***** EXTRACTED MATERIAL

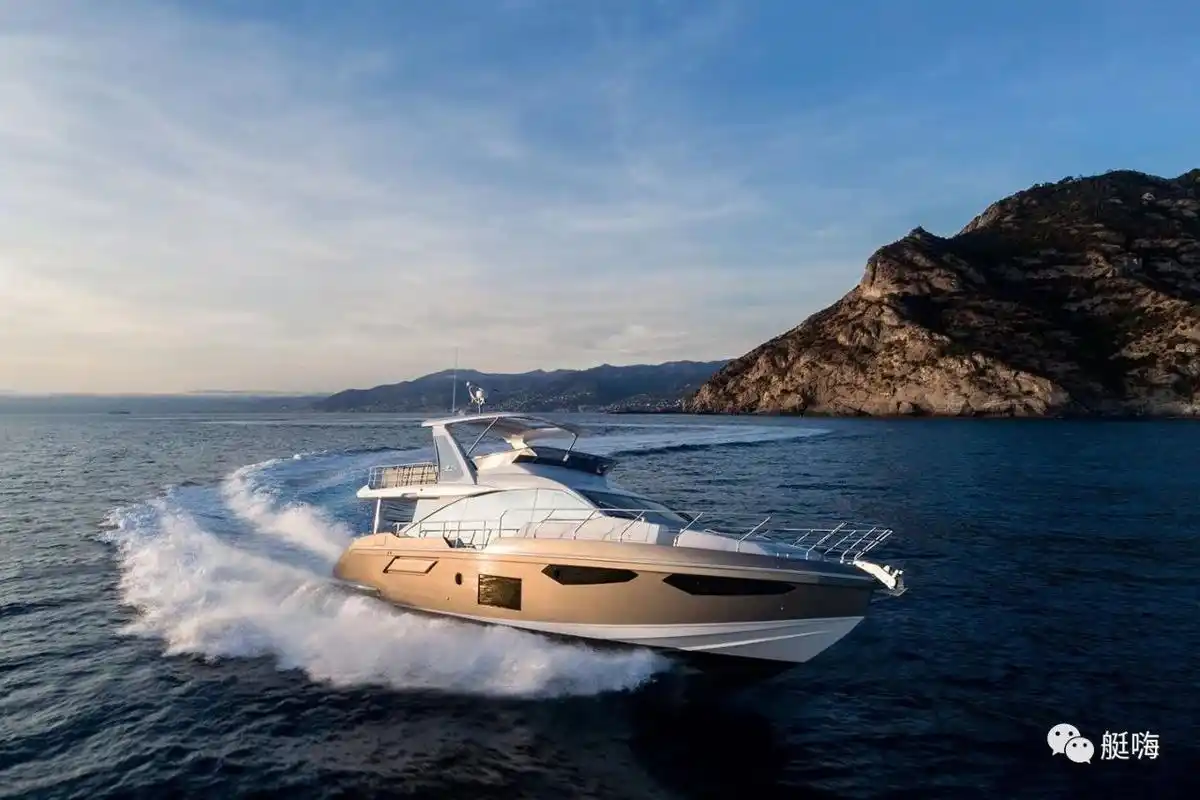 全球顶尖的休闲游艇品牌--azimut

**********
***** EXTRACTED MATERIAL

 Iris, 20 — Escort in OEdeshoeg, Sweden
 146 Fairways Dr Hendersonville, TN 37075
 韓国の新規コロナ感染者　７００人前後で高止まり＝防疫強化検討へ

**********
***** EXTRACTED MATERIAL

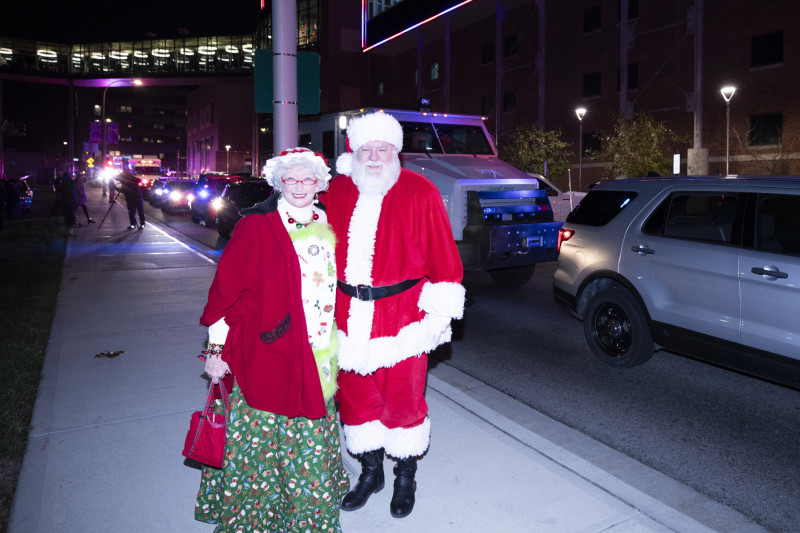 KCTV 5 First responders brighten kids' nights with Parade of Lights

**********

Above are the records; from them, give again exactly the lines from the one containing "Iris, 20 — Escort in OEdeshoeg, Sweden" through the one containing "韓国の新規コロナ感染者　７００人前後で高止まり＝防疫強化検討へ", both included.

 Iris, 20 — Escort in OEdeshoeg, Sweden
 146 Fairways Dr Hendersonville, TN 37075
 韓国の新規コロナ感染者　７００人前後で高止まり＝防疫強化検討へ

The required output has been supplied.